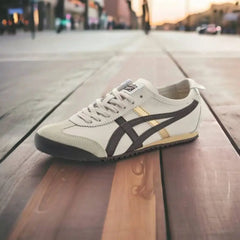 Onitsuk_a Tiger Mexico 66 Beige Brown Gold Mens 7A Premium Sneakers (D-1782)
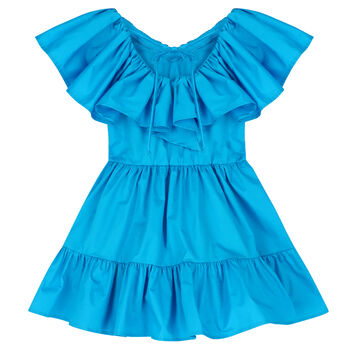 Girls Blue Ruffle Logo Dress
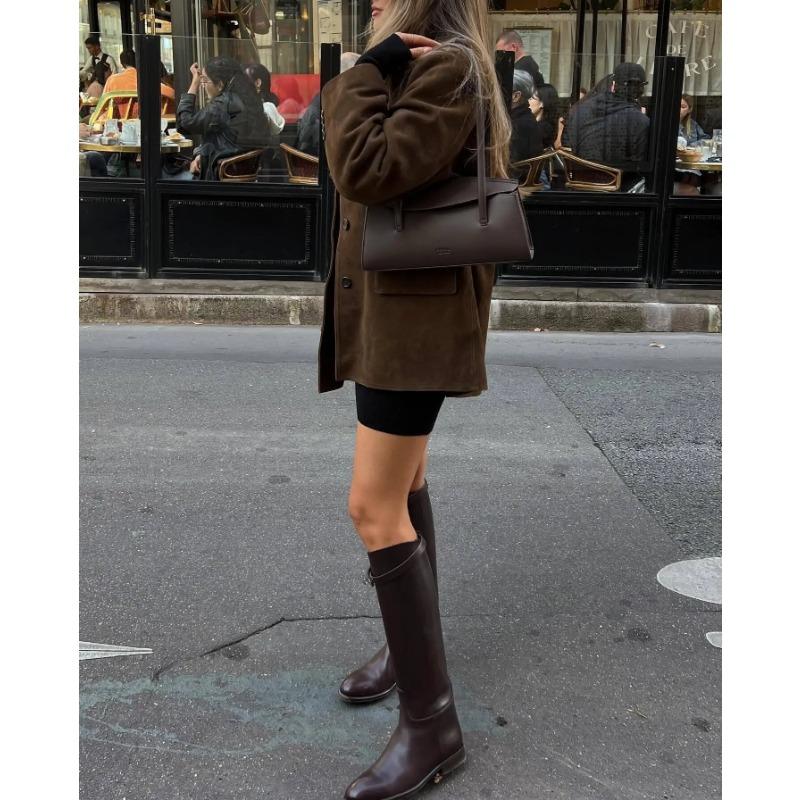 Женский замшевый однобортный пиджак с длинными рукавами и большим карманом, однотонный повседневный пиджак, весна-лето для женщин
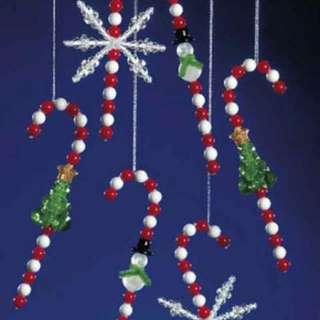 Beaded Christmas ORNAMENT KIT Makes 12 FESTIVE CANDY CANES  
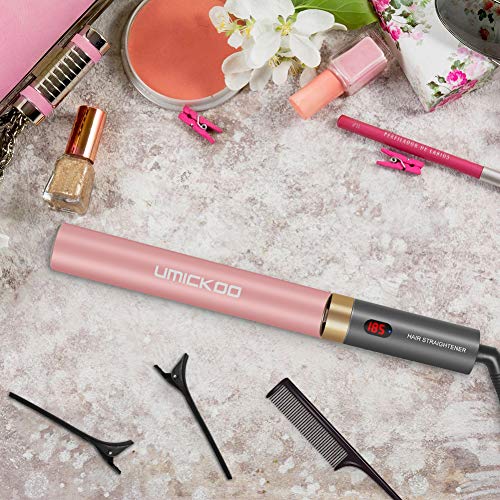 UMICKOO Hair Straightener,Upgraded Flat Iron for Hair With Real-Time Temperature Display And Adjustable Temperature,1 Inch (Rose Gold)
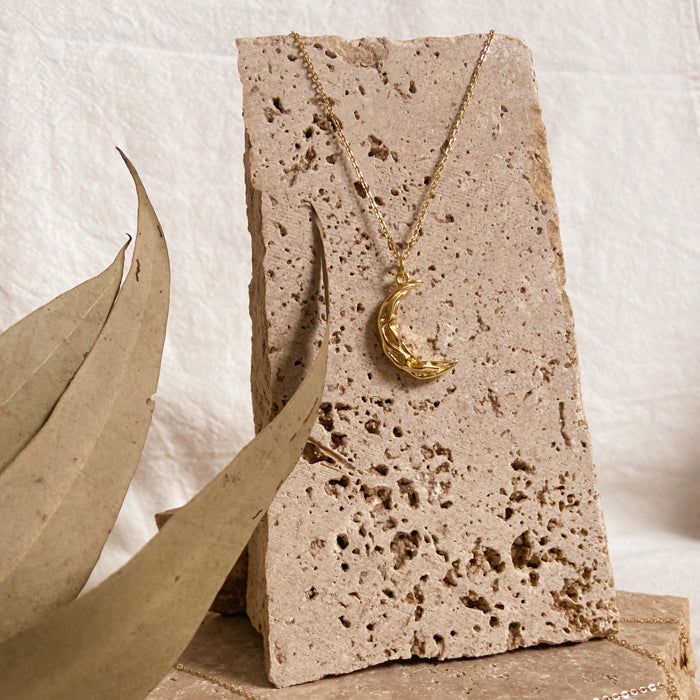 Luna Necklace gold crescent moon pedant gold chain buy online australia boho lifestyle jewellery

==================================================

• _Task directions_:
Please set down the records exactly, and keep every image out of the copy.

• _Answer to the exercise_:
 Onitsuk_a Tiger Mexico 66 Beige Brown Gold Mens 7A Premium Sneakers (D-1782)
 Girls Blue Ruffle Logo Dress
 Женский замшевый однобортный пиджак с длинными рукавами и большим карманом, однотонный повседневный пиджак, весна-лето для женщин
 Beaded Christmas ORNAMENT KIT Makes 12 FESTIVE CANDY CANES  
 UMICKOO Hair Straightener,Upgraded Flat Iron for Hair With Real-Time Temperature Display And Adjustable Temperature,1 Inch (Rose Gold)
 Luna Necklace gold crescent moon pedant gold chain buy online australia boho lifestyle jewellery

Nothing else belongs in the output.